##### INFORMATION SHOWN

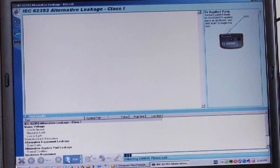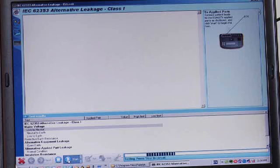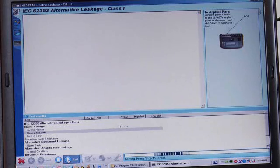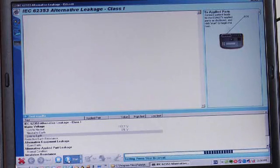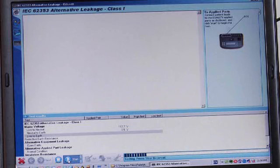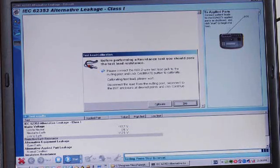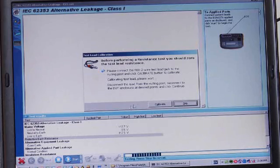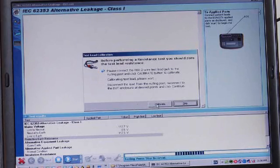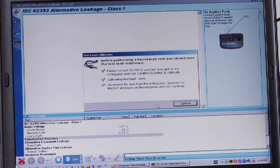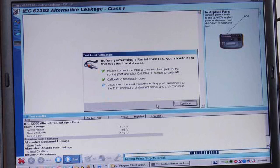The test procedure will communicate with the test instrument and configure it for each test that needs to be done. It will also pause and let us zero our test lead so that we get rid of any resistance in the lead wire itself, so we're reporting only the resistance of the ground wire of the medical device.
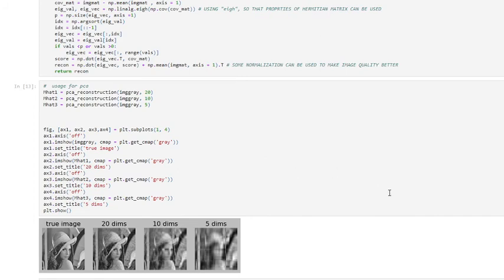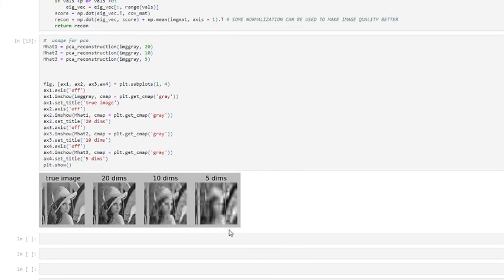Here we can visualize our PCA results with different values for reducing the dimension. We can see the true image alongside the image with 20 dimensions, 10 dimensions, and 5 dimensions. It is not difficult to find that most information is retained with 20 dimensions. The dimension is reduced from 225 to 20, which reduces the computational complexity of image classification. The features before and after reconstruction are still obvious.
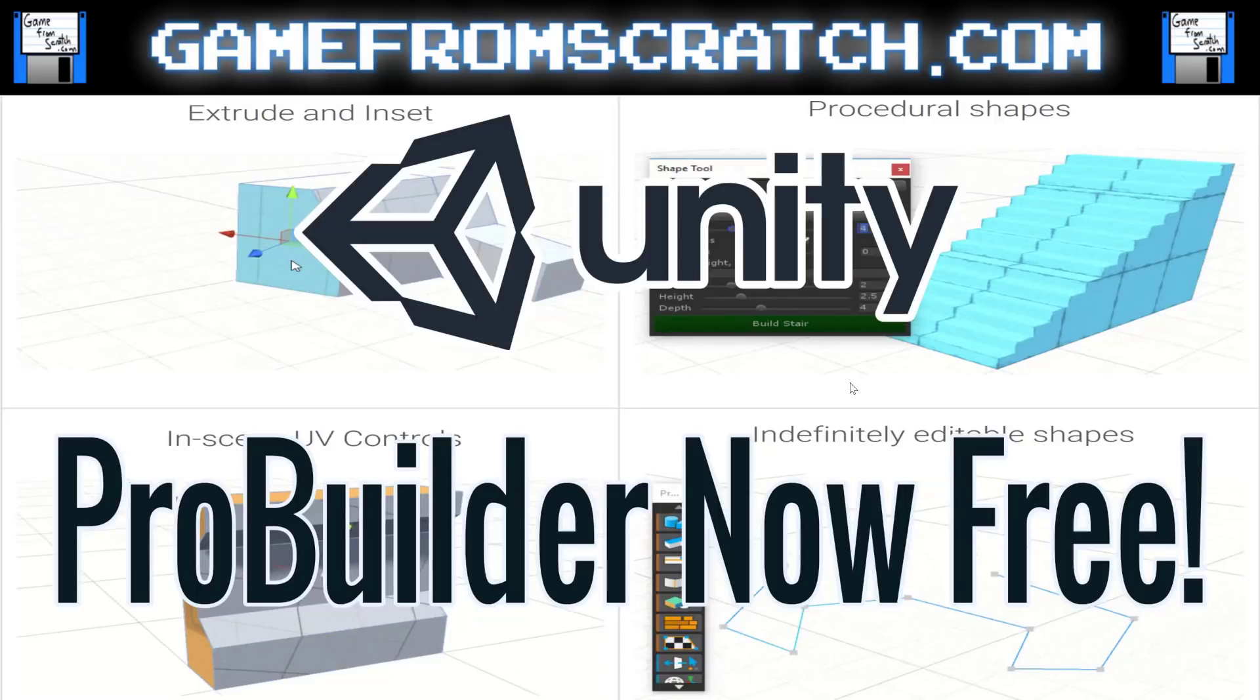Good day everyone, it's Mike here at Game From Scratch and I've got some great news for Unity developers out there.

##########

TASK -> Make an exact copy of all the material, but keep the pictures out of it.

RESPONSE AREA ->
The test procedure will communicate with the test instrument and configure it for each test that needs to be done. It will also pause and let us zero our test lead so that we get rid of any resistance in the lead wire itself, so we're reporting only the resistance of the ground wire of the medical device.
Here we can visualize our PCA results with different values for reducing the dimension. We can see the true image alongside the image with 20 dimensions, 10 dimensions, and 5 dimensions. It is not difficult to find that most information is retained with 20 dimensions. The dimension is reduced from 225 to 20, which reduces the computational complexity of image classification. The features before and after reconstruction are still obvious.
Good day everyone, it's Mike here at Game From Scratch and I've got some great news for Unity developers out there.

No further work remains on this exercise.